During the same period, Sasson and Klan-sky were 100 percent shareholders and the *241 principal officers of A Real New York Bargain — Worldwide, Ltd. (“Bargain”), an entity-created by Sasson and Klansky to engage in retail sales of men’s and women’s clothing at a price of approximately $10.00 per unit. Bargain owned and operated about ten stores and franchised another six, all in either Florida or the New York metropolitan area. Sas-son and Klansky also owned the outstanding shares of stock and were the principal officers of affiliated corporations whose business concept was similar to that of Bargain.

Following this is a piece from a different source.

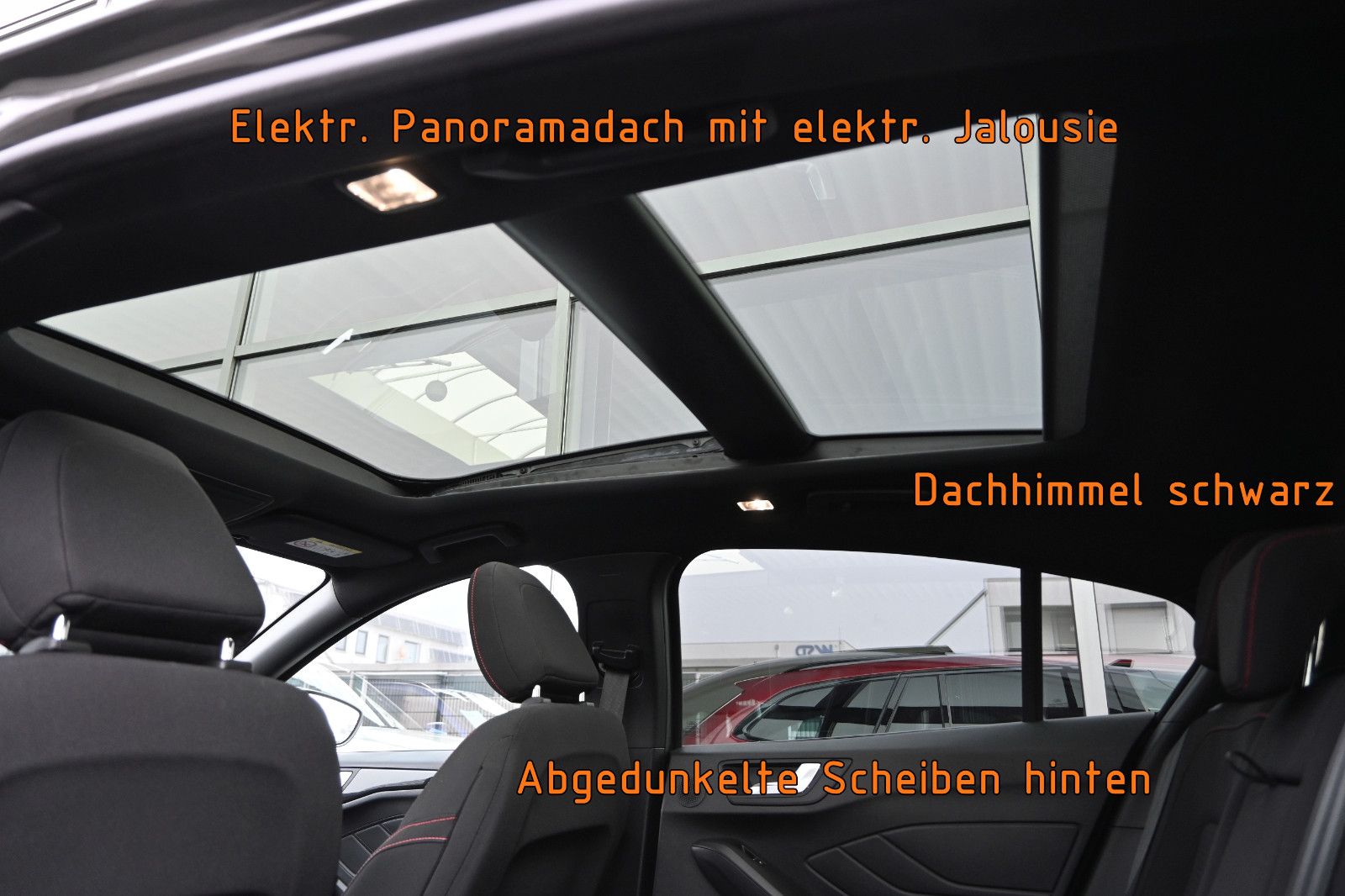 Fahrzeugabbildung Ford Focus 1.5D ST-Line X °ACC°B&O°HUD°PANO°STANDHEIZ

In August 1993, certain Dollar Time shareholders initiated discussions with Sasson and Klansky about a possible merger between Bargain and its affiliates and Dollar lime. These major shareholders outlined a plan to restructure the management of Dollar Time, make its stores more compatible with Bargain’s stores, and expand both entities, thereby increasing profits through the acquisition and merger of Bargain. The proposal entailed Sasson and Klansky selling their respective interests in Bargain and its affiliates to Dollar Time in return for shares of stock in Dollar Time and an agreement that Sasson and Klansky would operate Dollar Time.

On September 2, 1993, a letter of intent was executed between the parties. It provided that upon the consummation of the proposed merger, Sasson and Klansky would receive between them ten million shares of common stock of Dollar Time for their interest in 100 percent of all issued and outstanding securities of Bargain and its affiliates.

On the same date, Sasson entered into a Consulting Agreement with Dollar Time. The Consulting Agreement provided that while Dollar Time and Bargain continued to negotiate terms of a merger agreement, Sas-son would act as “managing consultant” to Dollar Time with “authority to manage all aspects of the business of Dollar Time during the term of this agreement.” (Trustee’s Ex.